[Records provided Boundary: Start]
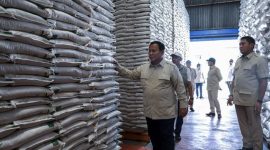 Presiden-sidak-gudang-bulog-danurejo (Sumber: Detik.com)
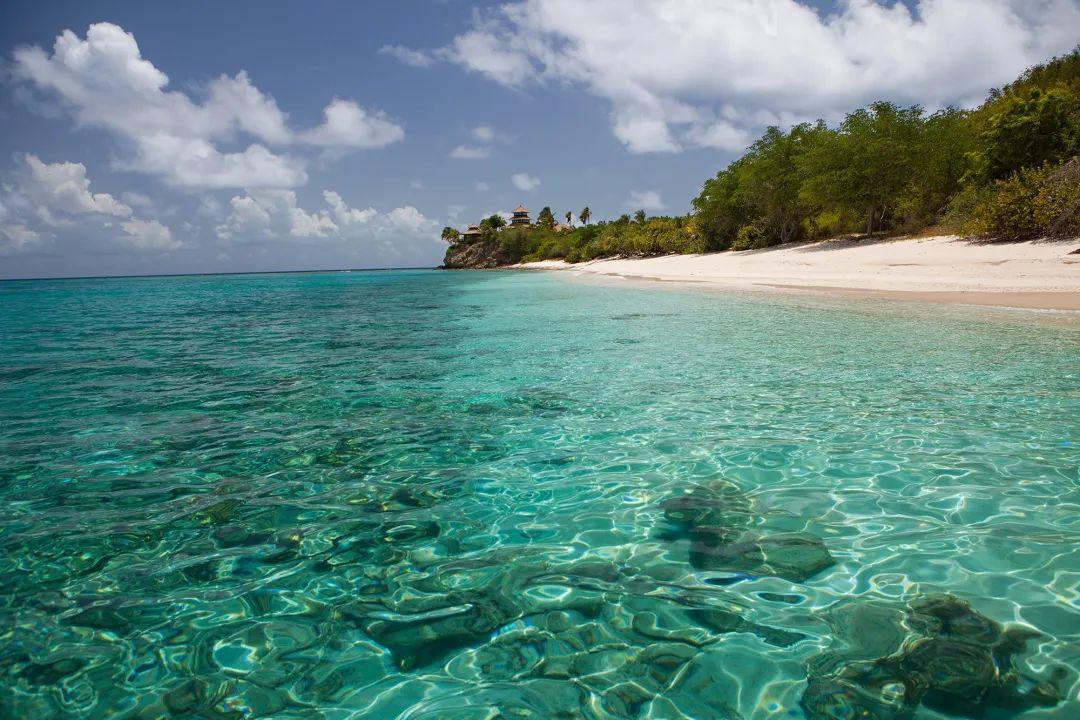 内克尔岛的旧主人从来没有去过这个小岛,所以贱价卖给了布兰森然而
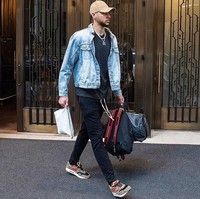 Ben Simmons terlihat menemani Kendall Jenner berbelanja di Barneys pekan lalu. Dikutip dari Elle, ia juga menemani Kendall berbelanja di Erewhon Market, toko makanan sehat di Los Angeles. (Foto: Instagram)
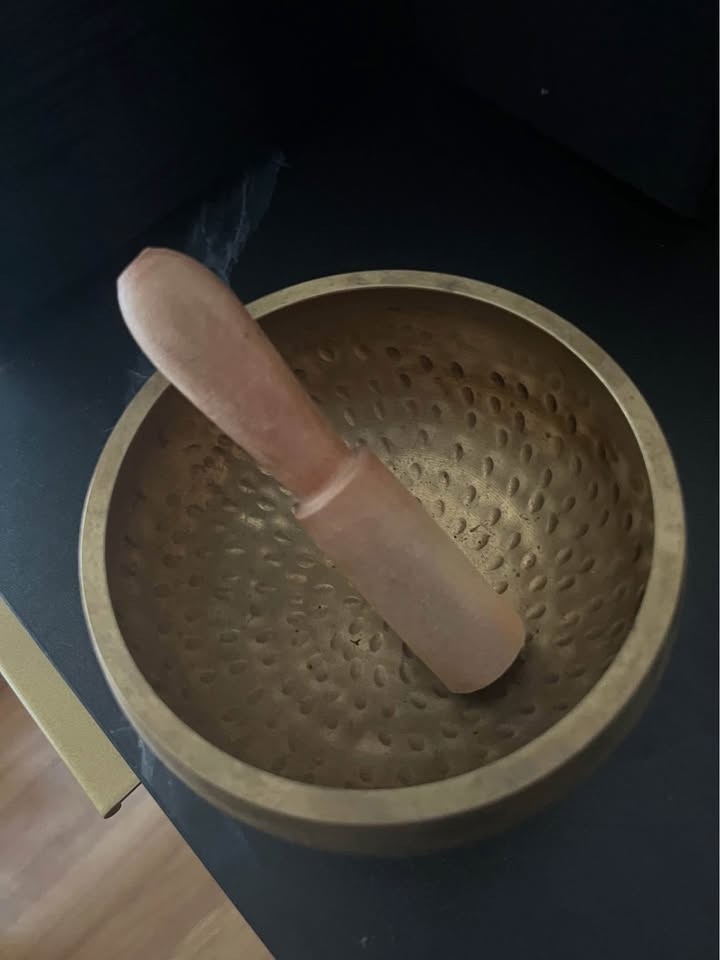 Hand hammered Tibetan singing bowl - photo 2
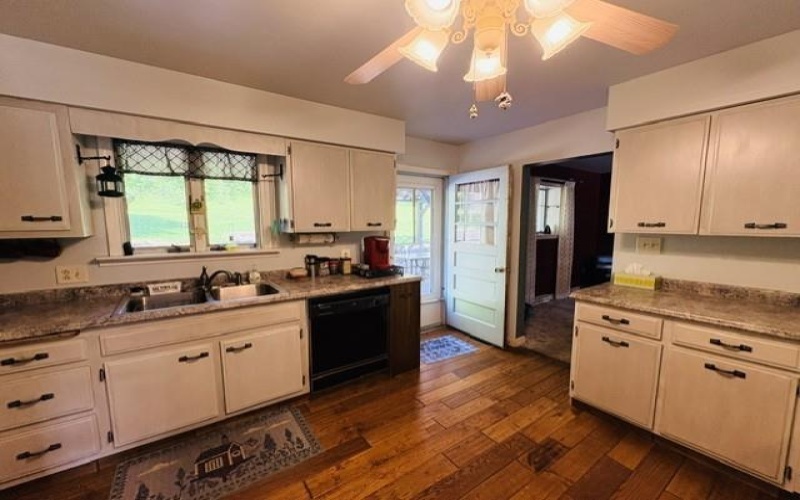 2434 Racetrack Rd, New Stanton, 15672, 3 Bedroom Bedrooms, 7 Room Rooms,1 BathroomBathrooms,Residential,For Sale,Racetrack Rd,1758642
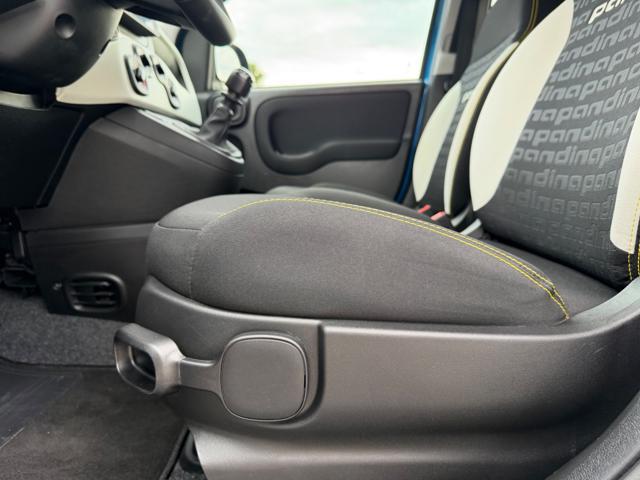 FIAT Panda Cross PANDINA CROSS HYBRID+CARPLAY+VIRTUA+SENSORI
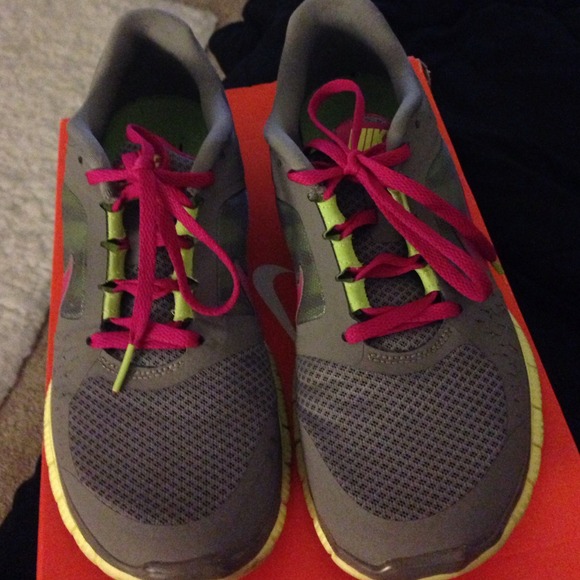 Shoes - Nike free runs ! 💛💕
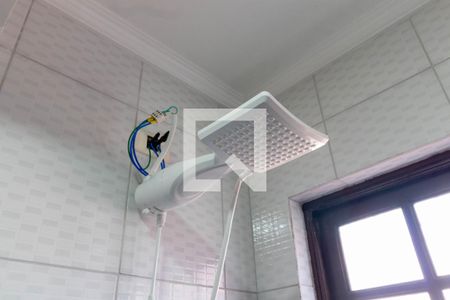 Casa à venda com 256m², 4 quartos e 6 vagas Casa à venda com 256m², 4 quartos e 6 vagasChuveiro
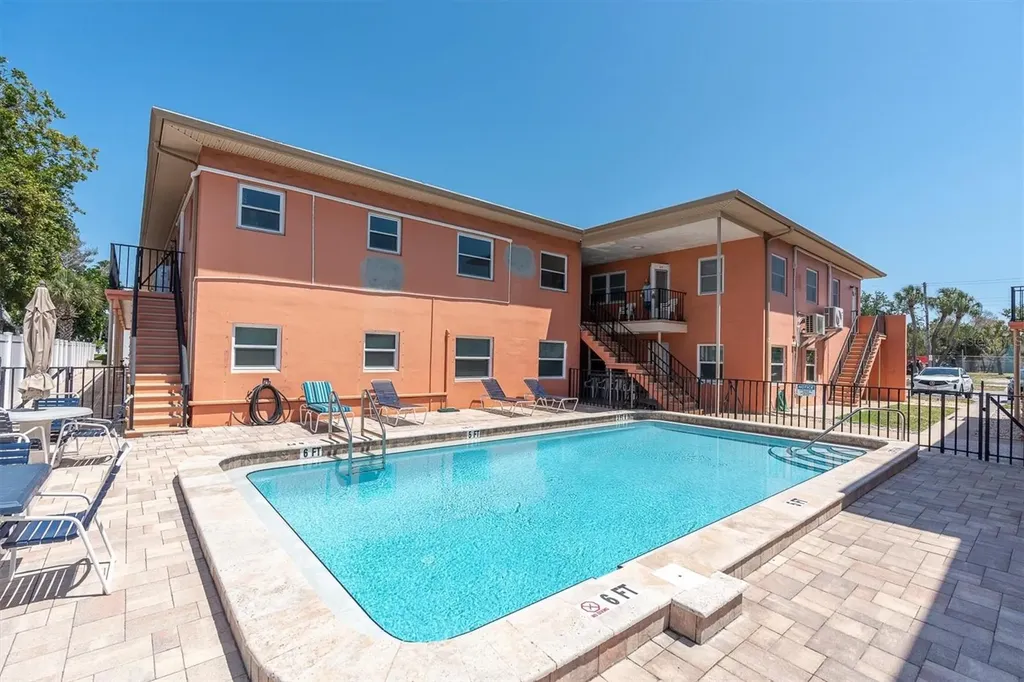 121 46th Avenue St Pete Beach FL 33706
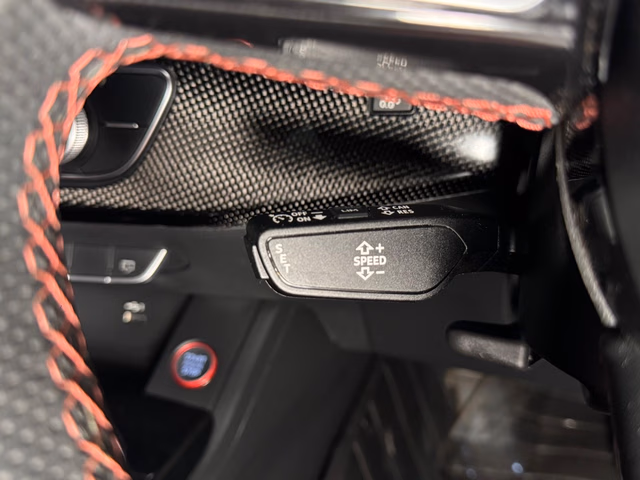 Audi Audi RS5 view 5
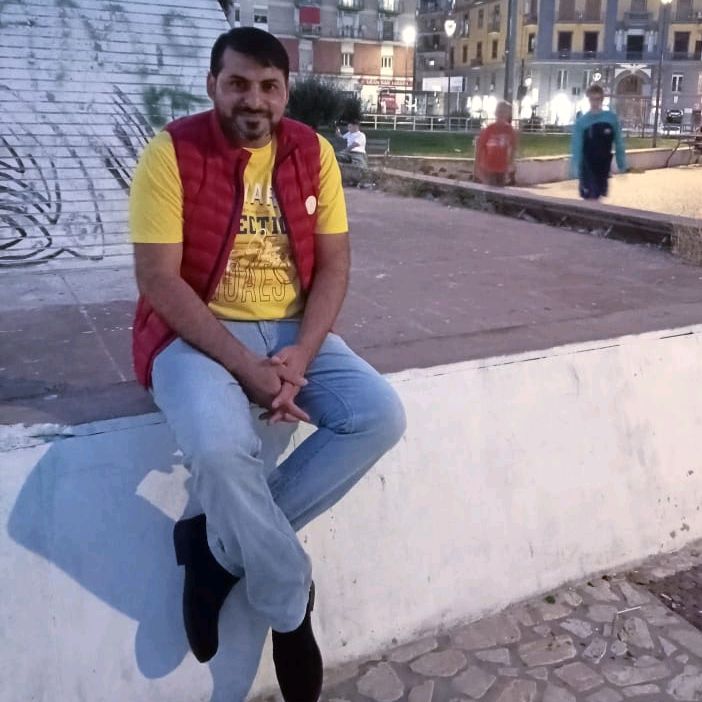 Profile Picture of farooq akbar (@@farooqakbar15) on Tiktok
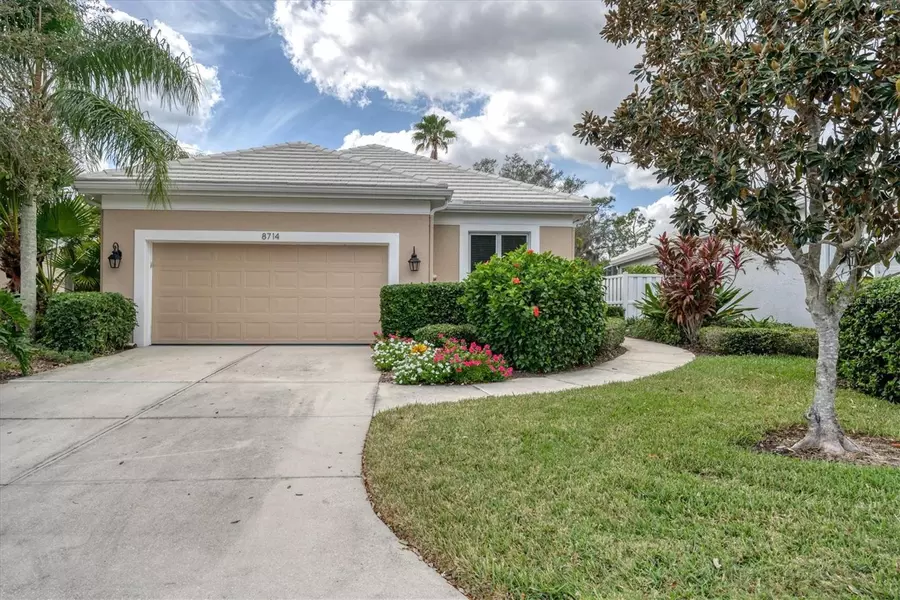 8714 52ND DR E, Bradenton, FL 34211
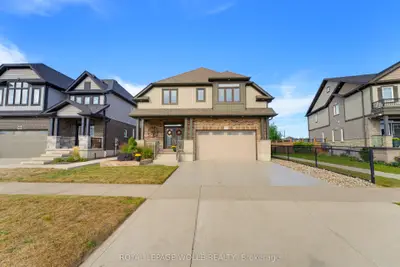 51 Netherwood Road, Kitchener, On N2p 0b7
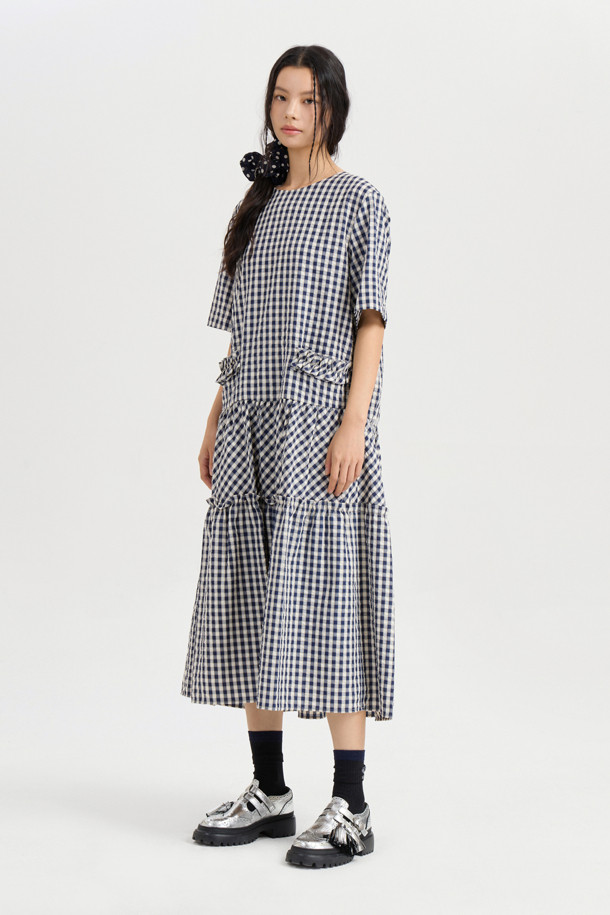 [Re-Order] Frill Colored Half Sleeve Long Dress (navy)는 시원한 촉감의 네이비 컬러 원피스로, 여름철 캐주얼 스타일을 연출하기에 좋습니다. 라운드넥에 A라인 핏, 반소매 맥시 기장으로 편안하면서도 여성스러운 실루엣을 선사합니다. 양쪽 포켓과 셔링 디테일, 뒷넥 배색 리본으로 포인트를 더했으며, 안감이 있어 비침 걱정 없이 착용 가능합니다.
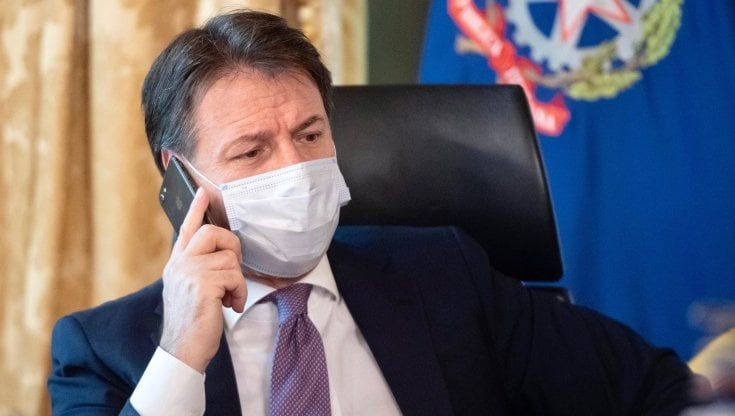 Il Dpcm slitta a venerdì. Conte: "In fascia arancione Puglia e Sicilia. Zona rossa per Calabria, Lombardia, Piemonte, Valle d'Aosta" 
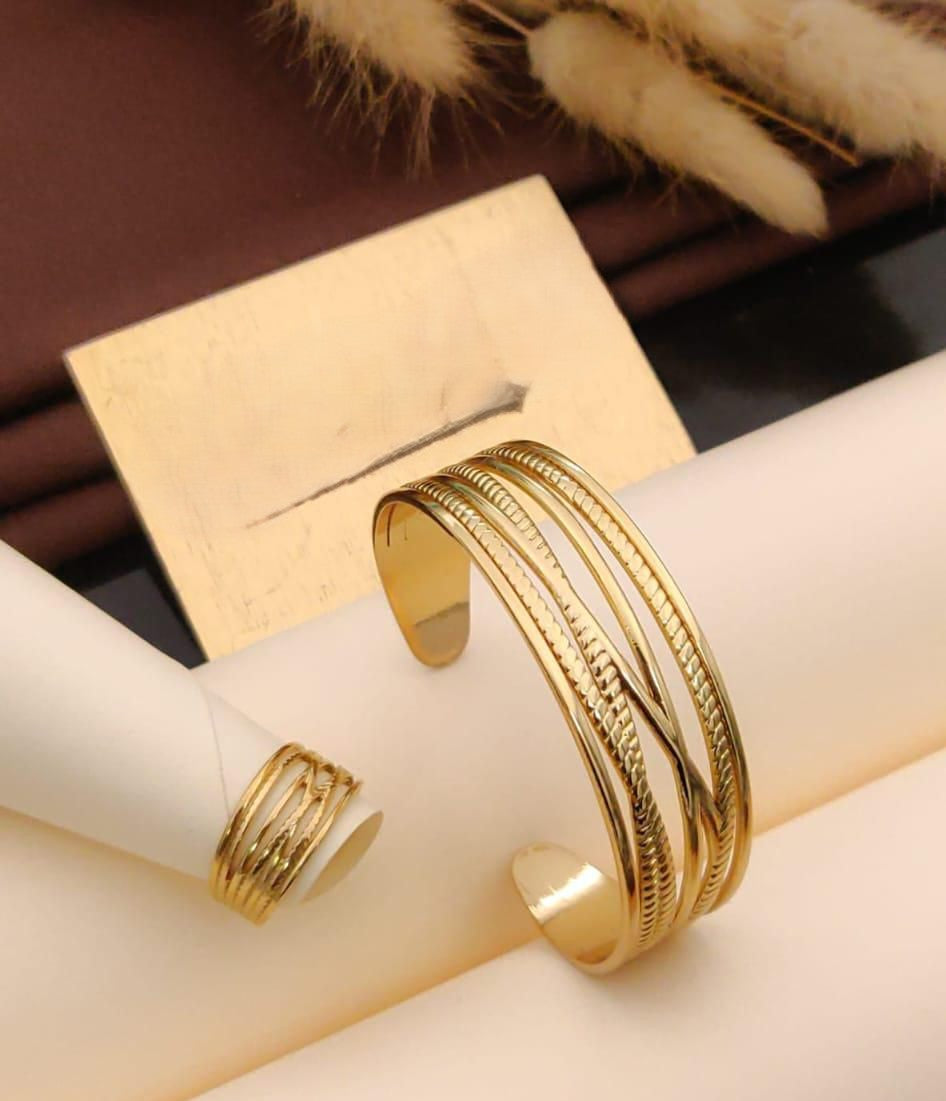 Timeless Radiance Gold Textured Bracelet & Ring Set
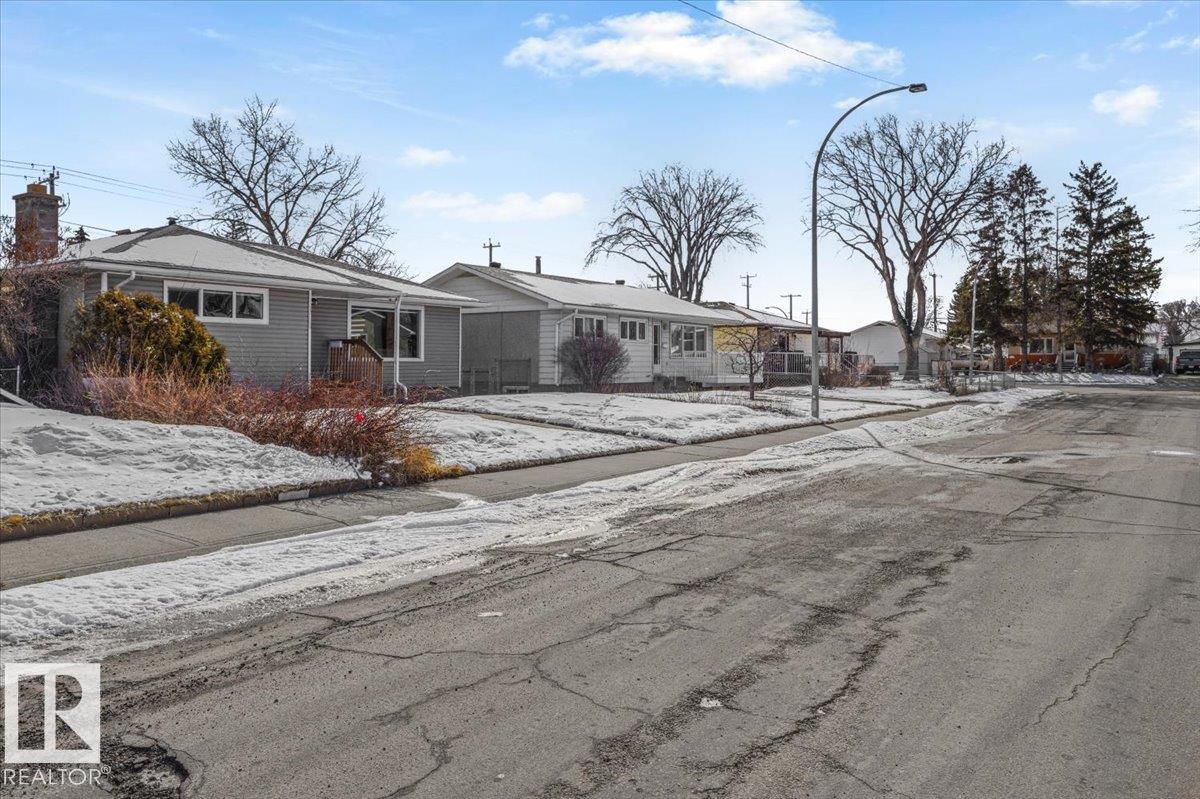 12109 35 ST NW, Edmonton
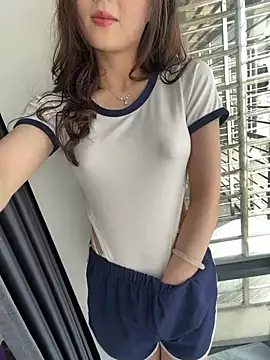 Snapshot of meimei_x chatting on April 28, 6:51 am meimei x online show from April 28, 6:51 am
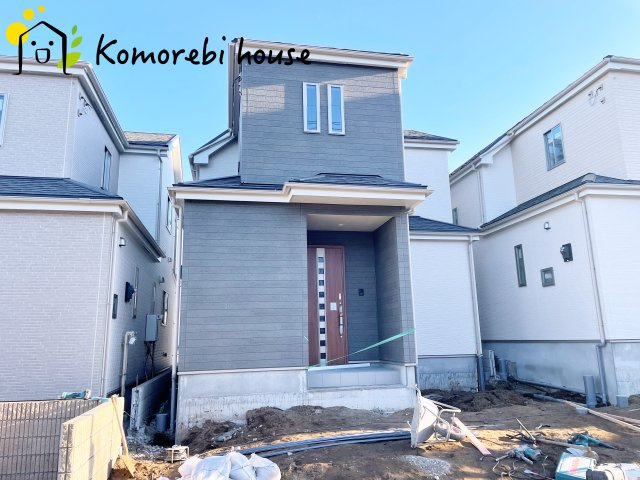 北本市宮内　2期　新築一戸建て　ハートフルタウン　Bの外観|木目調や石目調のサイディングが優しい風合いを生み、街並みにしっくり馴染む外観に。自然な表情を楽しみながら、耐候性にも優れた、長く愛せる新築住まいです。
[Records provided Boundary: End]
### Work to complete
Using the records above, print exactly the lines between the ones containing "FIAT Panda Cross" and "51 Netherwood Road, Kitchener, On N2p 0b7", inclusive, and nothing else; no pictures.

### Response
 FIAT Panda Cross PANDINA CROSS HYBRID+CARPLAY+VIRTUA+SENSORI
 Shoes - Nike free runs ! 💛💕
 Casa à venda com 256m², 4 quartos e 6 vagas Casa à venda com 256m², 4 quartos e 6 vagasChuveiro
 121 46th Avenue St Pete Beach FL 33706
 Audi Audi RS5 view 5
 Profile Picture of farooq akbar (@@farooqakbar15) on Tiktok
 8714 52ND DR E, Bradenton, FL 34211
 51 Netherwood Road, Kitchener, On N2p 0b7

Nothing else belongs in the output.